Guest post by Cass Mullane, Creative Innovator, Right-Brain Business Plan® Licensed Facilitator, Prosper Creatively, LLC
How are you at dealing with distractions? Do you find your day slipping away because of distractions? On the other hand, perhaps you’re pretty good at managing your time and your attention. Either way, you need to have a few simple techniques in your bag in order to handle the barrage of distractions that you encounter each day.
Distractions fall into two broad categories: self-created and externally created. They can be productive or they can wreak havoc with your ability to get things done. Your job is to have the discipline to choose your distractions and your reactions wisely.
Self-created distractions abound. These are the games you play on your computer, the videos you watch, the social media you check, the wandering, the idle chatter, the breaks for beverages and snacks, the books and magazines, the shopping, day dreaming, whatever you choose to do that uses up your time.
As for externally created distractions, they can include the ping of your phone, an unexpected visitor, meetings, news, rumors and gossip, traffic or the weather. These are distractions that you have no control over, they just happen.
Remember, not all distractions are bad, they are just distractions. While you may not be able to control the arrival of a distraction, you certainly can control your reaction to it and how you deal with it.
Let’s look at games on the computer. This is a self-created distraction that people generally associate with wasting time. One sure fire technique you can use to sensitize yourself to how much time you actually spend on games is to physically track the amount of time you are playing online. When you add it up, it can be shocking. Then, when you look at the pile of work not yet completed, it may be just the kick in the pants that you need to start making a better choice on where to spend your precious time. If you’re not ready to cut out games all together, an effective technique to manage your games is a using a timer. Set the timer and when it goes off you stop and close the game. Period.
But not all distractions involving games are bad. For example, I do some of my best creative business thinking while I’m putting together an online jigsaw puzzle. This is a productive self-created distraction as it frees up one part of my brain to work on the problem while another part is busy doing the puzzle. When I’m done letting my mind work something out, I simply close the puzzle tab so I’m not tempted. Out of sight, out of mind.

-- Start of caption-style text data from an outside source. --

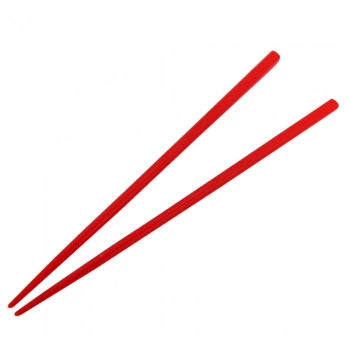 Kit 10 Pares de Hashi para Comida Japonesa 22 Cm Vermelho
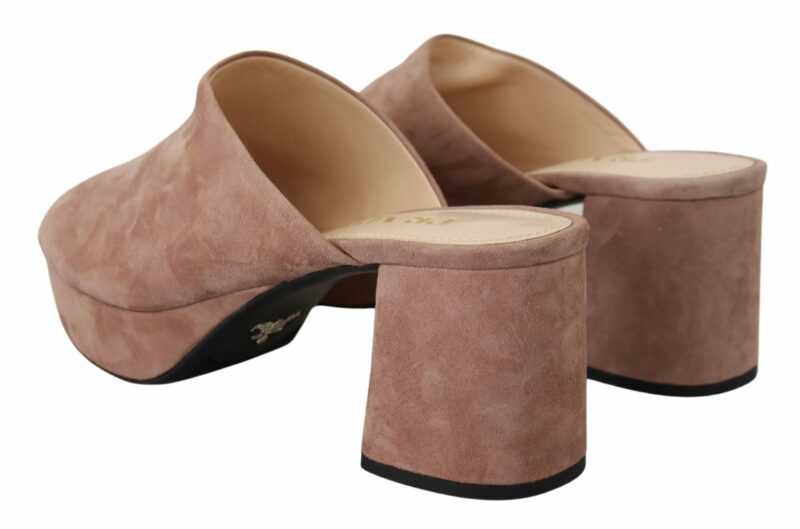 Prada Elegant Dark Rose Suede Heels - Image 4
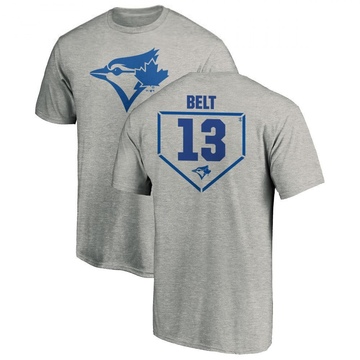 Men's Toronto Blue Jays Brandon Belt ＃13 RBI T-Shirt Heathered - Gray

Externally created distractions are everywhere, especially in our digital age. Just think about what happens when you hear the phone or laptop ping… you drop everything to check it. Obviously there are times when you need to be on top of a situation, but most of the time the pings are extraneous and they can wait.
Think you’re immune? Probably not. When you see an email notification pop on your screen your eyes are naturally drawn to the movement. You automatically look at it for a moment. The result is a distraction from whatever it was that you were looking at before. The same is true with any notification like an instant message, a Facebook post, an Instagram pic, a tweet, a video, a sound byte, a podcast upload, a blog post… you get the picture.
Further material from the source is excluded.